Return the lines of the listing below exactly as they appear, beginning at the one with "Lumosphere | Chic" and stopping after the one with "Luigi Russolo at"; do not include pictures.

<<<<

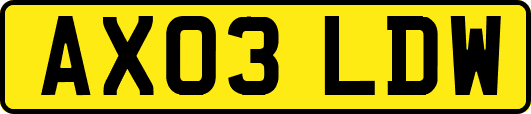 AX03LDW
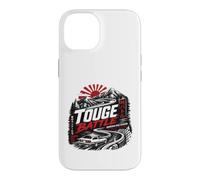 Vintage Touge Battle Japanese Mountain Pass JDM Racing Case for iPhone 14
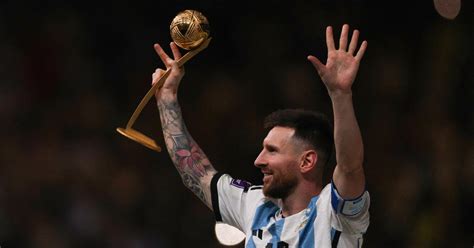 Messi Mejor Jugador Del Mundial Estos Son Los Cuatro Ganadores De Trofeos Individuales En Qatar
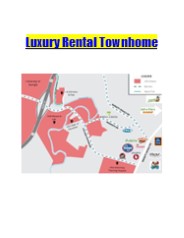 Luxury Rental Townhomes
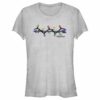 Junior’s Marvel Hawkeye Holiday Arrow T-Shirt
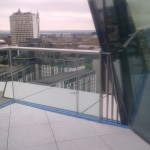 Stainless steel balustrade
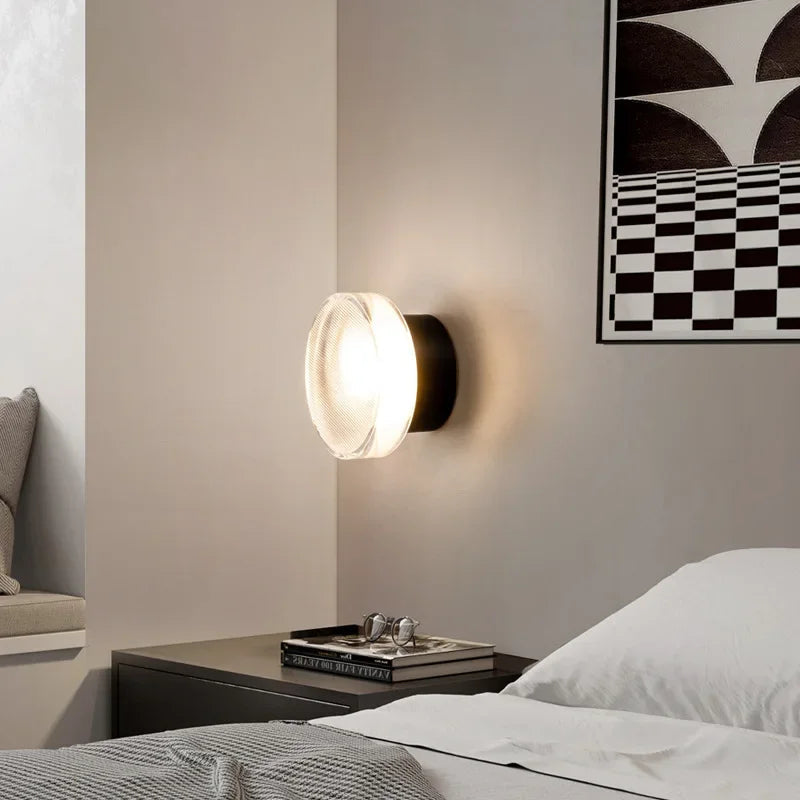 Lumosphere | Chic Modern Round LED Wall Sconce for Elegant Atmosphere 3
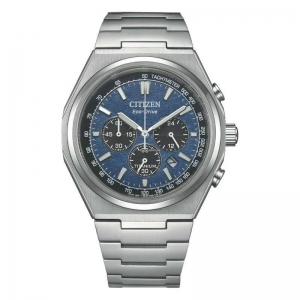 Citizen Zenshin Super Titanium CA4610-85L Blue Dial 42.5mm Men Watch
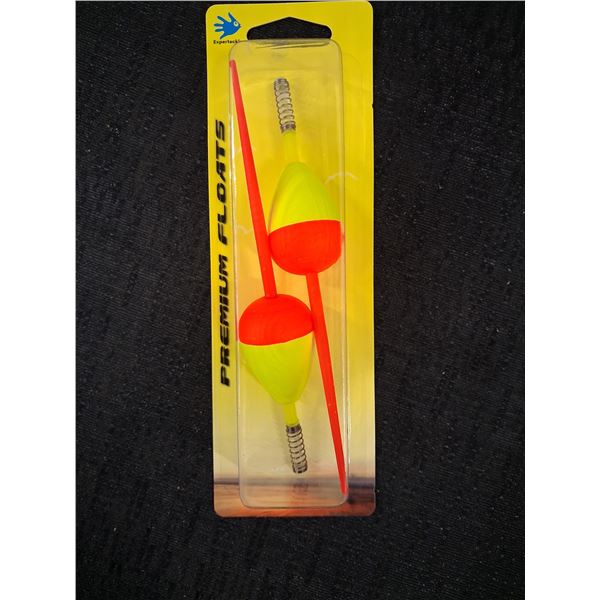 EXPERTACKLE SPRING FLOATS - 2 PACK - 200 PIECES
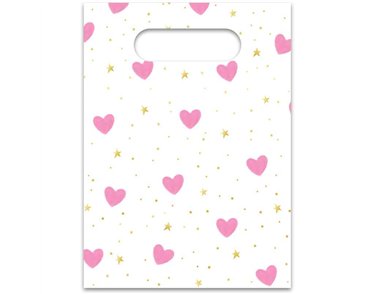 4PK MY LITTLE PRINCESS PAPER PARTY BAGS
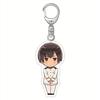 DUOFAFA XYUN Hetalia Italy Germany Key Holder Japan Keychain Unofficial Cosplay Item Acrylic Popular Anime Decoration Cute Loss Prevention Accessory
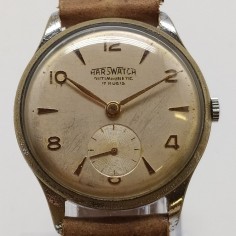 Orologio Hars Watch anni '40/'50 Invicta cassa acciaio. Ossidazioni diffuse 2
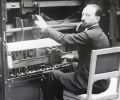 Luigi Russolo at his russolophone, 1930. Photo: Seuphor.-luigi-russolo-at-his-russolophone-1920.jpg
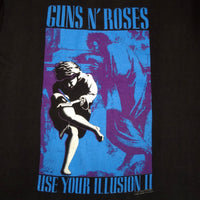 Vintage 1991 Guns N' Roses Use Your Illusion II T-shirt (XL)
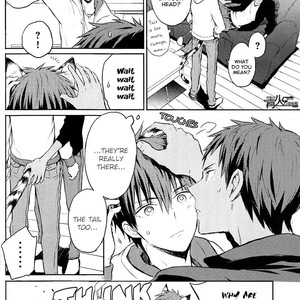 [276 (Yatchi)] My Feelings Only Change For You – Kuroko no Basuke dj [Eng] – Gay Manga sex 8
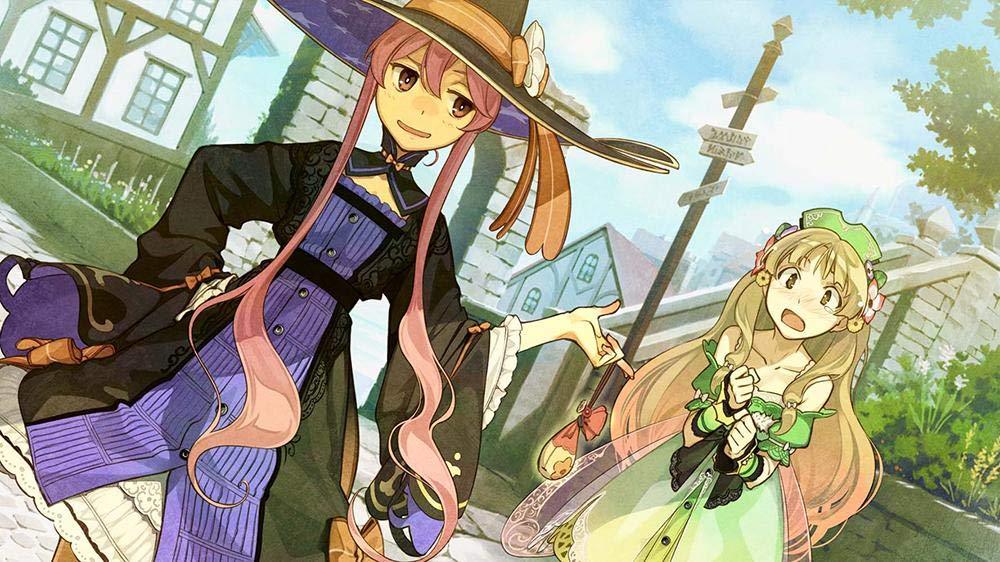 Nintendo Switch Atelier Dusk Trilogy Deluxe Pack (Asian)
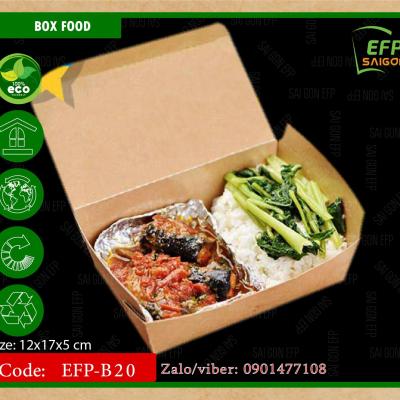 HỘP GIẤY ĐỰNG CƠM VĂN PHÒNG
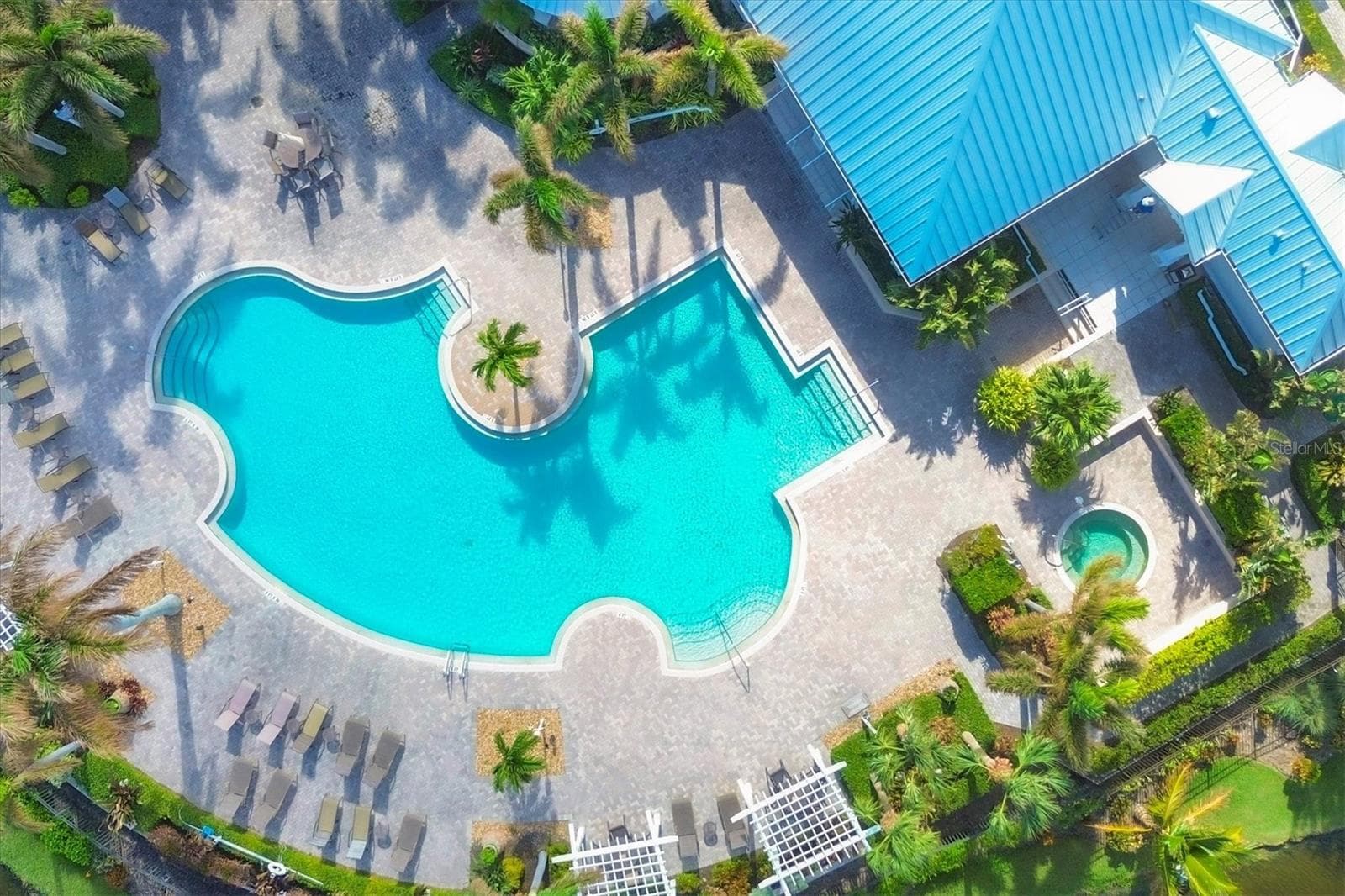 Pool & Spa - 10301 CORAL LANDINGS LN #5, PLACIDA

>>>>

EXPECTED ANSWER>
 Lumosphere | Chic Modern Round LED Wall Sconce for Elegant Atmosphere 3
 Citizen Zenshin Super Titanium CA4610-85L Blue Dial 42.5mm Men Watch
 EXPERTACKLE SPRING FLOATS - 2 PACK - 200 PIECES
 4PK MY LITTLE PRINCESS PAPER PARTY BAGS
 DUOFAFA XYUN Hetalia Italy Germany Key Holder Japan Keychain Unofficial Cosplay Item Acrylic Popular Anime Decoration Cute Loss Prevention Accessory
 Orologio Hars Watch anni '40/'50 Invicta cassa acciaio. Ossidazioni diffuse 2
 Luigi Russolo at his russolophone, 1930. Photo: Seuphor.-luigi-russolo-at-his-russolophone-1920.jpg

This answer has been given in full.